The American ambassador to
Panama, Robert Savre, was not told of the plan to arrest
a high Panamanian official in the Canal Zone. At the
time, he was in the midst of delicate negotiations for
renewing the United States lease on the Panama Canal,
and one of the main issues to be resolved was the question
of sovereignty over the Canal Zone. When the Panamanians
read in their newspapers that their air traffic controller
had been arrested by American narcotics agents in the
Canal Zone, they exploded, Ambassador Sayre later recalled.
The Panamanian negotiators demanded that Him Gonzales
be released and that American police control in the
Canal Zone be limited and put under the supervision
of Panamanians. Suddenly the whole Panama Canal treaty
was beclouded by the act of narcotics agents trying
to deliver to the White House an international trafficker.

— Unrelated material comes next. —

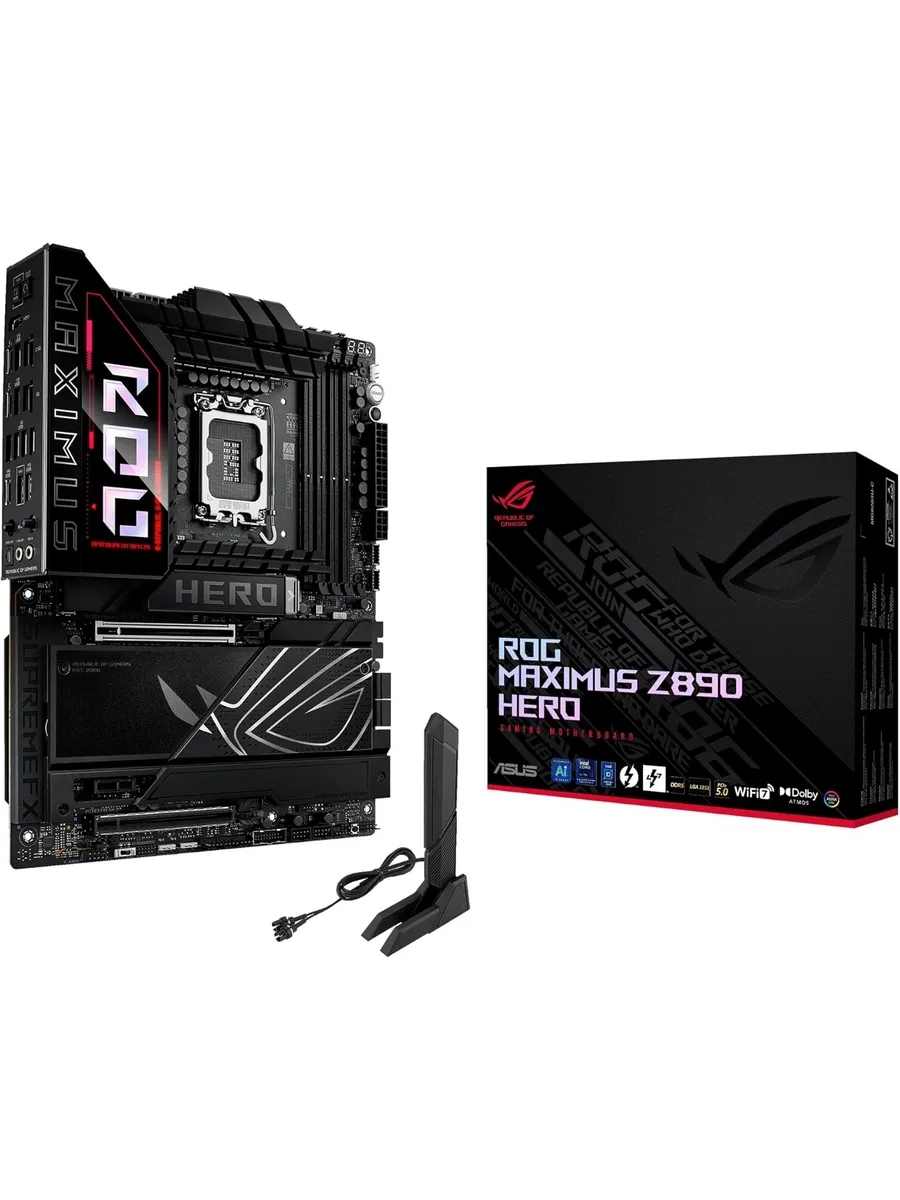 Asus Материнская плата ROG MAXIMUS Z890 HERO, LGA1851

The State Department advised the White House of the
new crisis in Panama, but the BNDD refused to release
the alleged conspirator. Meanwhile, the narcotics agents
placed Him Gonzales on a Super Starjet Air Force plane
and delivered the bewildered Panamanian to U.S. marshals
in Dallas. Newspapers in Panama reacted by charging
that the United States had kidnapped an official of
their government. Panama's foreign minister protested
to Ambassador Sayre not only that the arrest was illegal
but that United States undercover agents had come to
Panama with false identification papers in order to
entrap a Panamanian official. Letters from Attorney
General Mitchell and an "embassy" from the
director of the Bureau of Narcotics and Dangerous Drugs
failed to mitigate the anti-American campaign generated
by this incident. Ambassador Sayre said he found that
it became difficult "to renegotiate ... the Panama
Canal in this atmosphere." With the government-controlled
press of Panama featuring stories about how Joaquim
Him Gonzales's ten-year-old daughter was waiting for
America to return her kidnapped father, it became difficult
for Panamanian politicians to agree to a new treaty
which granted the United States de facto sovereignty
over the Canal Zone. Unable to complete the renegotiations
of the treaty, the dispute dragging on, Ambassador Sayre
returned to Washington in 1973 to become inspector general
of the State Department. (Gonzales was sentenced in
Texas to five years in prison.)
In less than two years the
Nixon crusades managed to interfere seriously with the
objectives of American foreign policy. In Mexico the
Good Neighbor Policy was confused by Operation Intercept.
In Turkey the NATO arrangements to defend the eastern
Mediterranean area were undercut by our demands that
the Turks suppress poppy flower cultivation. In France
the American embassy was embarrassed by the attempts
to find local heroin laboratories. And in Panama the
vital Panama Canal was nearly lost by the pirating away
of one alleged international trafficker.